+++ INFORMATION PROVIDED +++

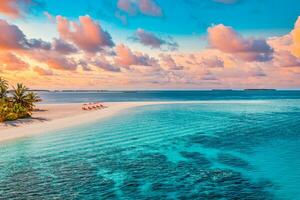 Aerial view of amazing beach, couple umbrellas, chairs beds close to sea lagoon. Fantastic sky clouds summer beach landscape. Idyllic nature for inspire tourism vacation, romantic holiday in Maldives photo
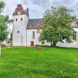 Kirche auf grünem Hügel.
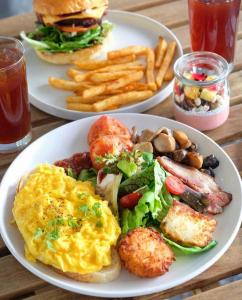 Una mesa con dos platos de desayuno con un sándwich y papas fritas. en Starlight Hotel25, en Ho Chi Minh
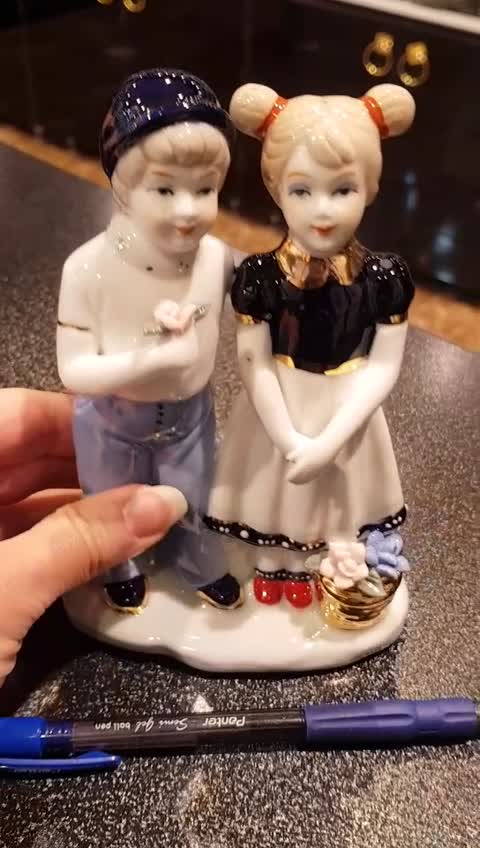 مجسمه چینی دختر و پسر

+++

§ THE PROBLEM
Beginning at the line containing "Una mesa con", restate every line through the end of the material above exactly; omit the pictures.

§ TASK SOLUTION
 Una mesa con dos platos de desayuno con un sándwich y papas fritas. en Starlight Hotel25, en Ho Chi Minh
 مجسمه چینی دختر و پسر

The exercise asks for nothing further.